The final product was shot using the same graphics and unforgivingly bright Beta cameras that HBO used for Gatti-Ward. The ring action is the polar opposite of Raging Bull's stylized, balletic choreography. "There are many, many boxing movies, and I love most of them," Wahlberg says. "But I knew that the thing that would set us apart was if the fights looked more real and I looked more like a boxer than anyone else who's done it in the past."

Yet, for all of the pugilism vérité—if some actors look familiar, it's because figures such as Sugar Ray Leonard, against whom Eklund went 10 (losing) rounds in 1978, and Ward's trainer, policeman Mickey O'Keefe, play themselves—the soul of The Fighter is the extended Ward family, a unit that can make a postindustrial mill town feel like quicksand. There's Charlene (Amy Adams), Micky's girlfriend; a bizarro Greek chorus of seven fright-haired sisters; the boys' mother-cum-manager, Alice (Melissa Leo); and Micky's wonderfully level-headed father, George (Jack McGee). One criticism of the movie from sports fans might well be that there seems to be more brawling done outside rings than in them.
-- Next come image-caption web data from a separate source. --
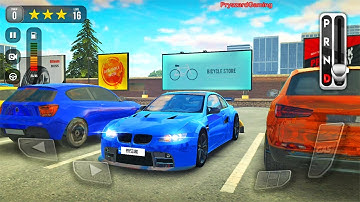 Car Parking Pro Drive Club - Gameplay Walkthrough Part 1 Career (Android,iOS) #1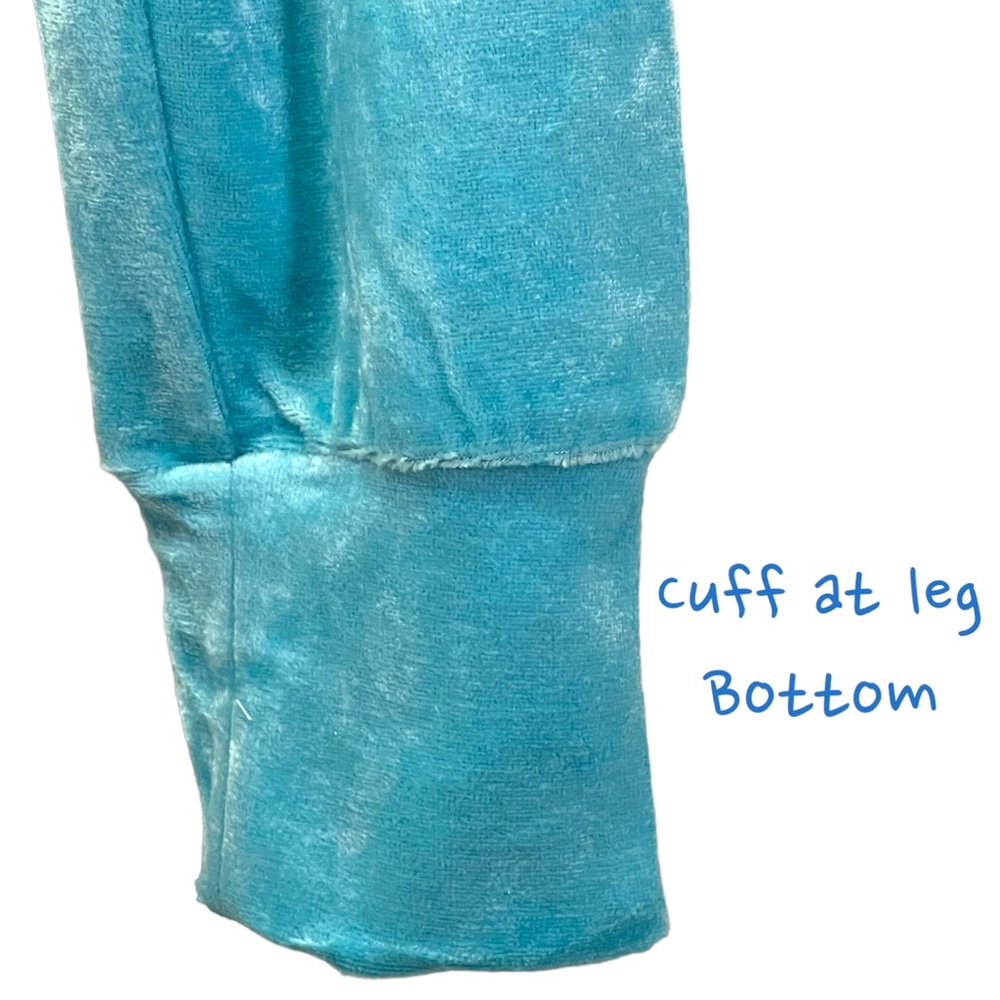 Generation Love Blue Revolve Joggers - Picture 4 of 12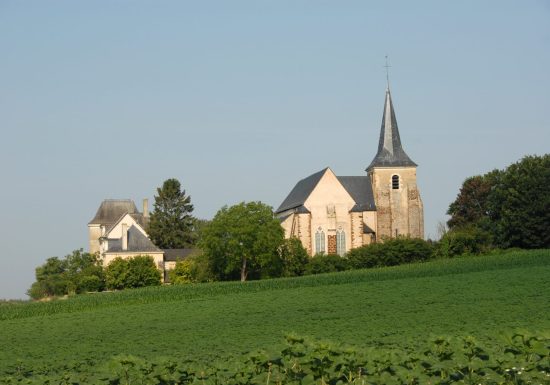 Chateau L’hermitage – circuit de Saint Thibault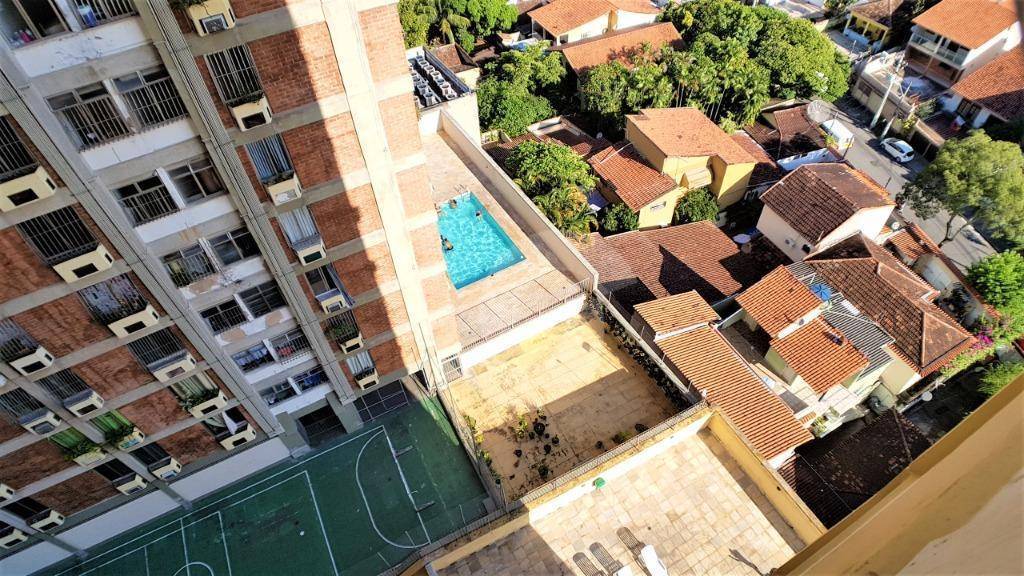 Apartamento à venda com 2 quartos, 43m² - Fonseca,Niterói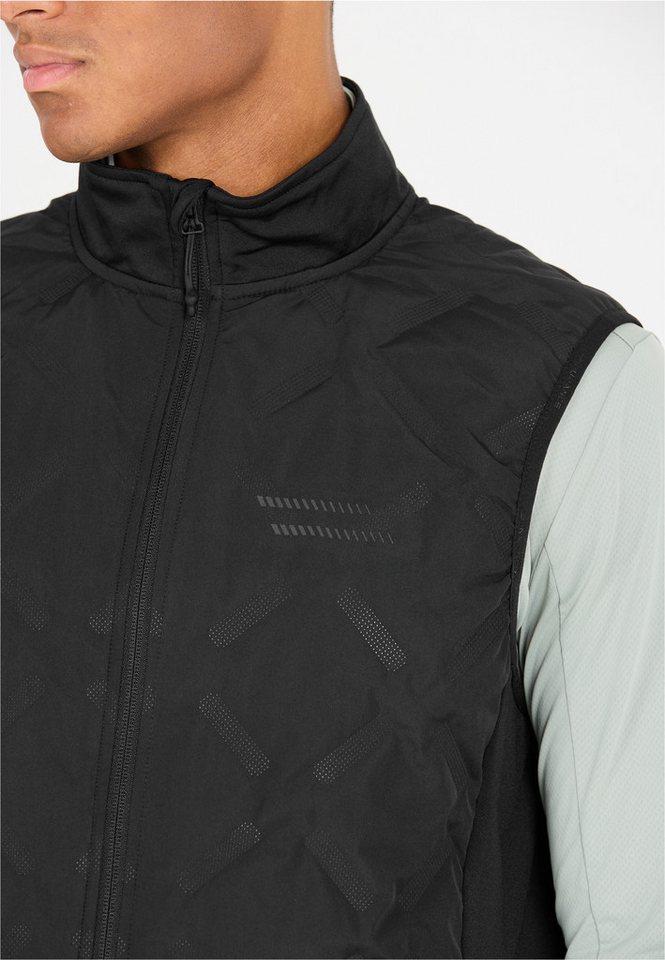 ENDURANCE Softshellweste Jelawat mit 4-Wege-Stretch und wasserabweisender Membran Bild 4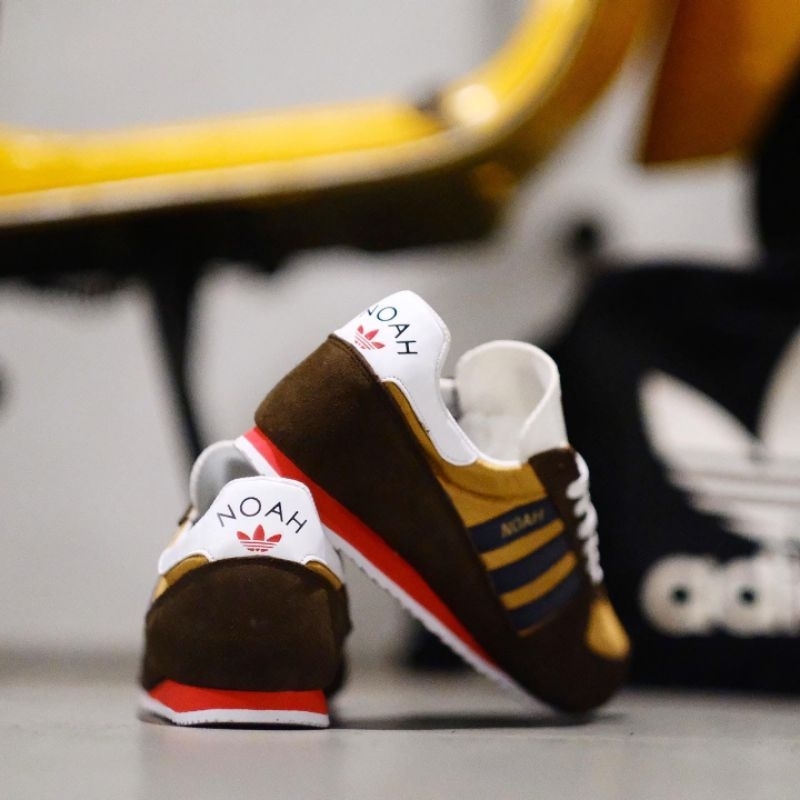 Adidas Vintage Runner x Noah &quot;Brown&quot;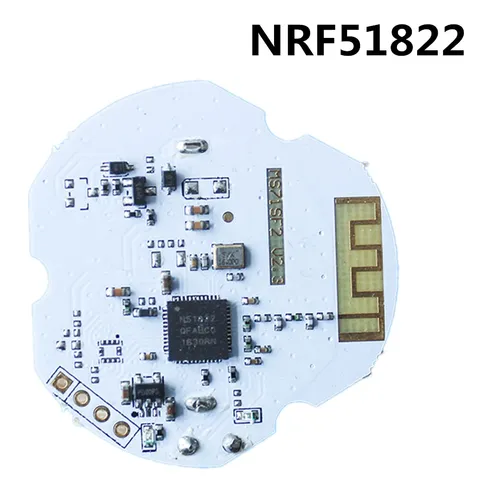 Bluetooth NRF51822 модуль базовая станция iBeacon позиционирование Маяк возле поля позиционирования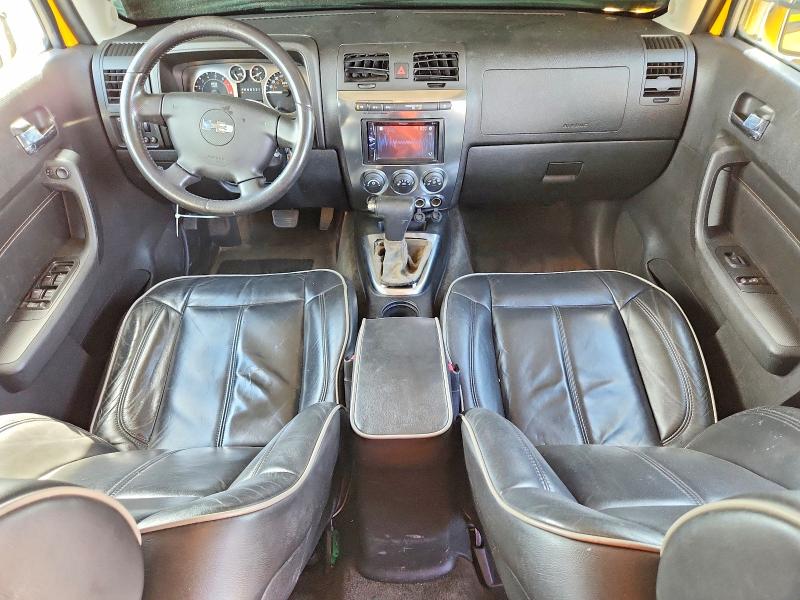 56598046 :رقم المزاد ، 5GTDN136568310849 vin ، 2006 Hummer H3 مزاد بيع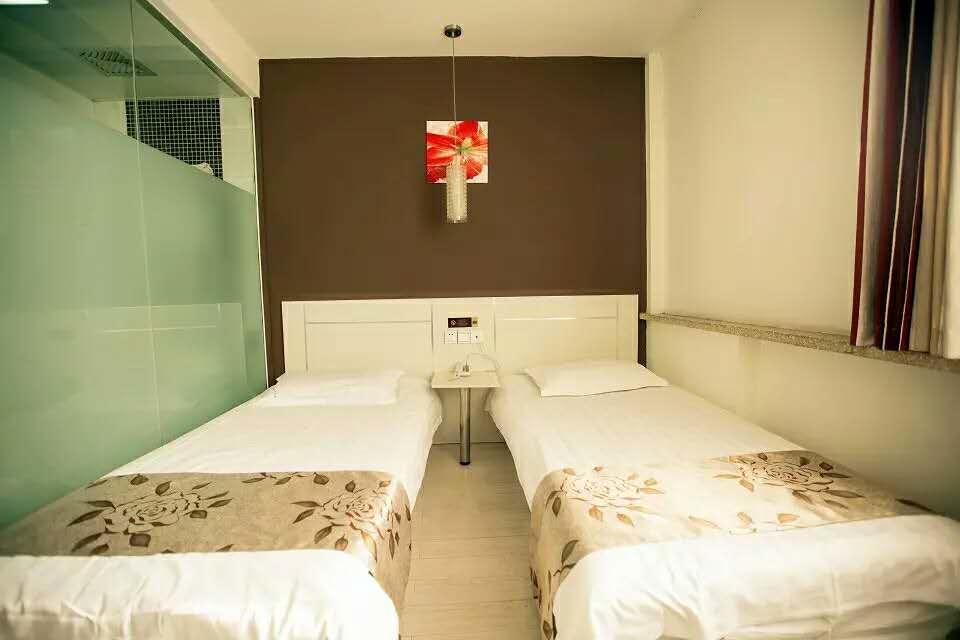 Thank Inn Chain Hotel Shandong Rizhao Wanpingkou Scenic Spot Екстер'єр фото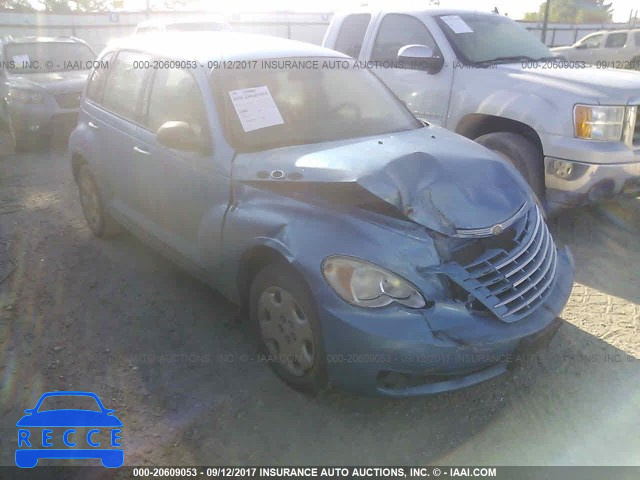 2008 Chrysler PT Cruiser 3A8FY48B88T137503 зображення 0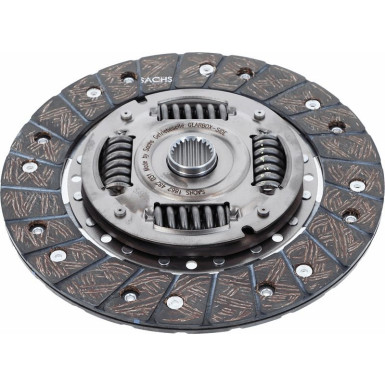 SACHS Kupplungssatz 3000 722 002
This, however, badly misses the point. The street fighting was true to Lowell and to the Ward saga; the boxing scenes wind up being so powerful precisely because we spend so much time in a living room, a crack house, a bar. Even the momentous belt Ward competes for by the end—in reality, the little-known WBU title, against little-known Shea Neary, in London—is less important for what it means to ring aficionados than for what it signifies in context, after all this time, in Ward's life and on screen.

Wahlberg, who refuses to gloat or sling I-told-you-so's amid mounting Oscar buzz, is acutely sympathetic to such a concept. According to the numbers, he notes, "I spent more money paying my trainers and having them travel with me than I got paid, by a good half a million dollars." No matter: What Micky Ward's biggest fan will remember, lucidly, is that he really wanted to do something and found a way.